The Arizona Corporation Commission has done something it has never done before. In a March 13 order, the commission voted unanimously not to acknowledge the utility resource plans for Arizona Public Service, Tucson Electric Power, and UNS Electric.
The decision sends the investor-owned utilities back to the drawing board to draft new integrated resource plans in a process that begins this August. The schedule calls for the plans to be filed by April 1, 2020, with the commission ruling on them in the first quarter of 2021.
The commission also voted to approve several amendments.

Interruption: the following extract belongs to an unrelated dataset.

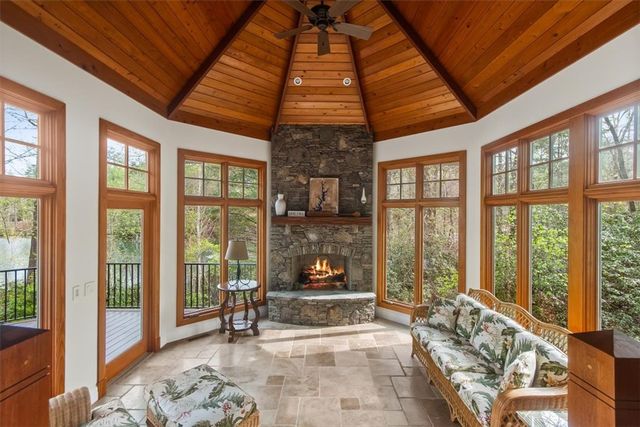134 Teaberry Lane, Sunset, SC 29685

An amendment by Commissioner Bob Burns explained that the commission refused to acknowledge the plans, stating that “the APS load forecasts were not proper because they are ‘too aggressive.’”
One of several amendments by Commissioner Andy Tobin stipulated that the next IRPs should present an option that includes at least 1,000 MW of energy storage, 50% clean energy resources, 25 MW of renewable biomass resources running at no less than a 60% capacity factor, and at least 20% of demand side management resources.

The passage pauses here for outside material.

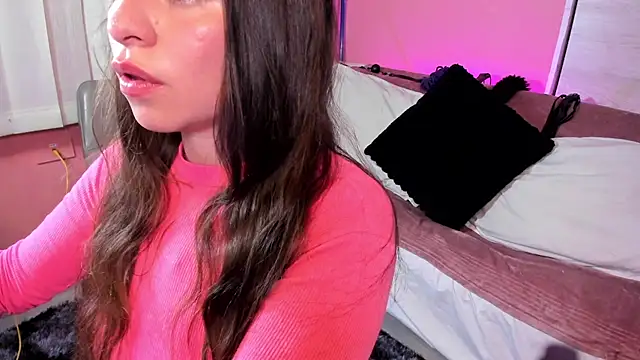 Keyla ruiz  online show from June 2026 07:42:01 PM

(Tobin recently proposed to revamp the state’s power sector by requiring utilities to get at least 80 percent of their power from zero-carbon resources by 2050 while deploying 3,000 megawatts of energy storage by 2030).

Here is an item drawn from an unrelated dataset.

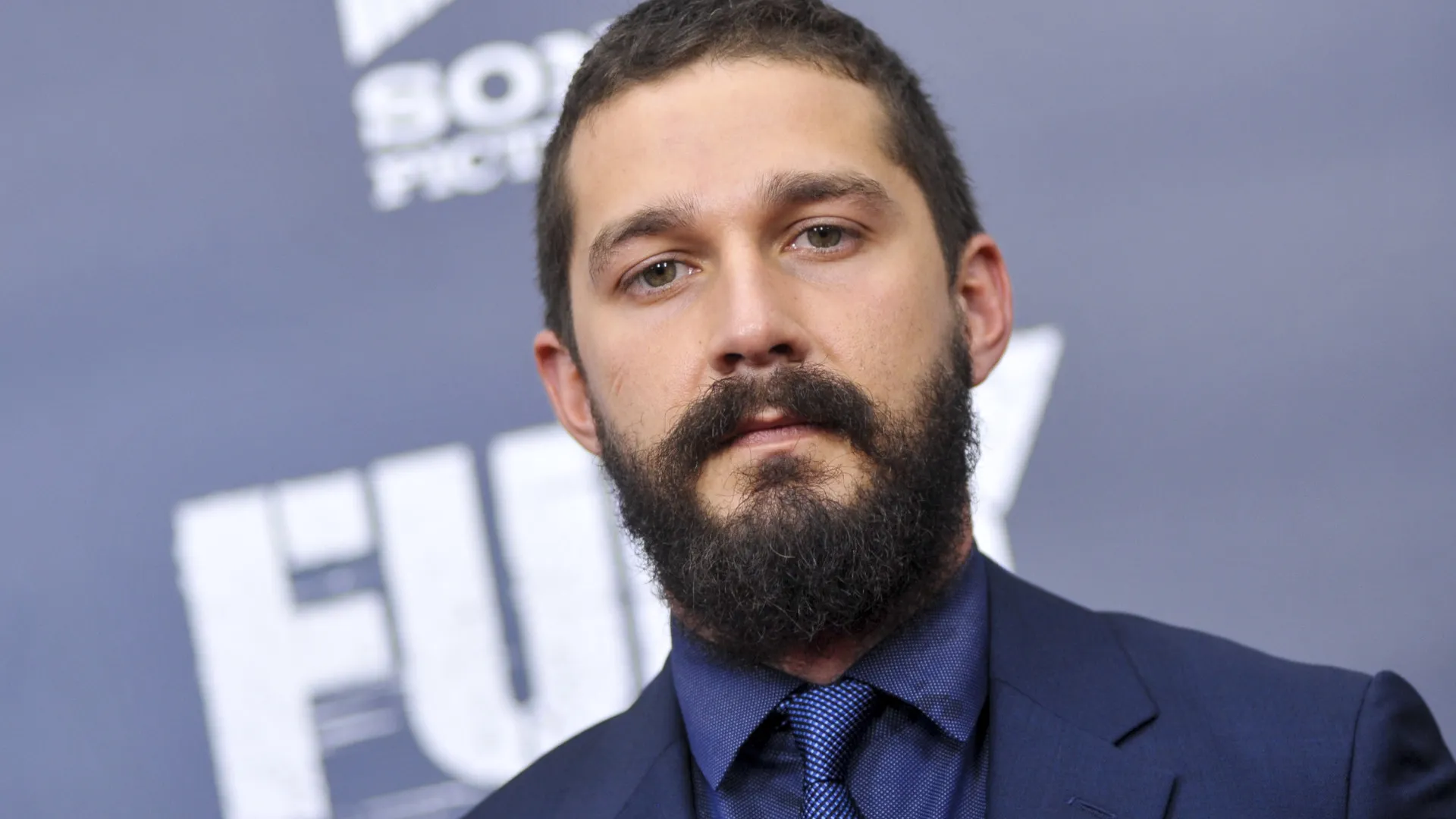 Shia LaBeouf faz acordo para encerrar processo judicial que o acusava de abuso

Another amendment by Tobin requested the commission to open a docket to begin workshops “to completely revise and reform the existing Resource Planning and Procurement rules.”
A fourth amendment by Tobin calls for a moratorium on the construction of any new gas-fired generating plants of 150 MW or more until Jan. 1, 2019, and directs the utilities to compare the costs of a possible gas plant against energy storage options.
Tobin in an interview said the commission has already done a lot of work toward revamping the state’s energy sector. “We already have all the pieces to design our own energy plan,” he said.
“By not acknowledging the IRPs we sent the message that we want the utilities to look at other things,” Commissioner Burns said in an interview. “I’ve had a problem with the IRP model since I came on board the commission in 2013.”
“People are reluctant to get out of their comfort zone,” Burns said. “Let’s open this up and hear from other types of generation.”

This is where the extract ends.